YOUR ASSIGNMENT: Keeping every word the same, give again only the lines from the one with "Kaya Dining Chair" through the end of the data, both included, and leave every picture out.

INPUT DATA:
================

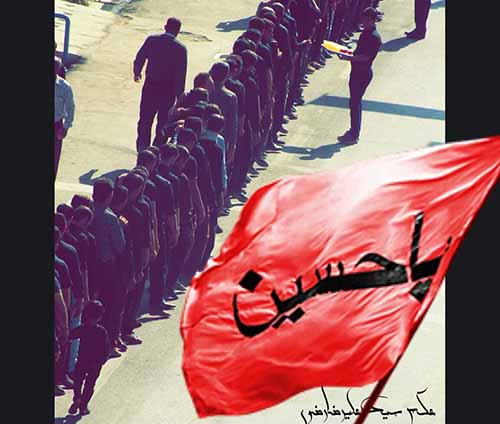 شور حسین در شهر می‌پیچد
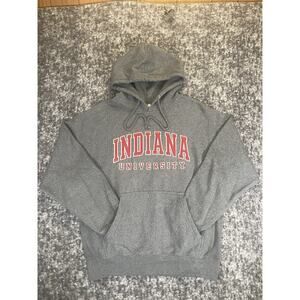 Vintage University of Indiana Pro Weave HOODIE HEAVY Sweatshirt Mens Medium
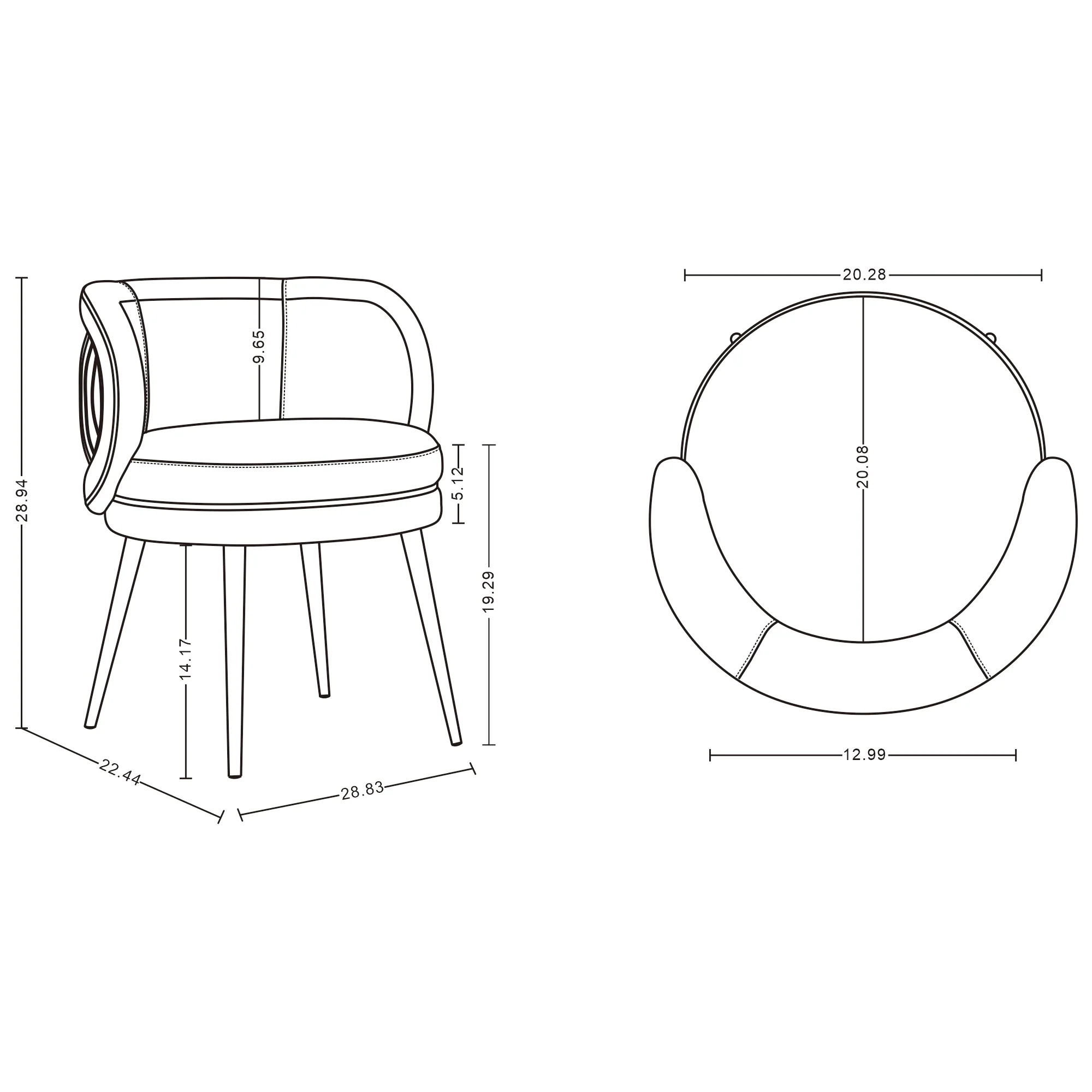 Kaya Dining Chair in Nude (set of 2) - Image 3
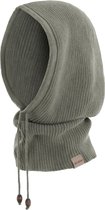 Knit Factory Evy Colsjaal met capuchon - Urban Green - One Size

================

EXERCISE SOLUTION:
 Kaya Dining Chair in Nude (set of 2) - Image 3
 Knit Factory Evy Colsjaal met capuchon - Urban Green - One Size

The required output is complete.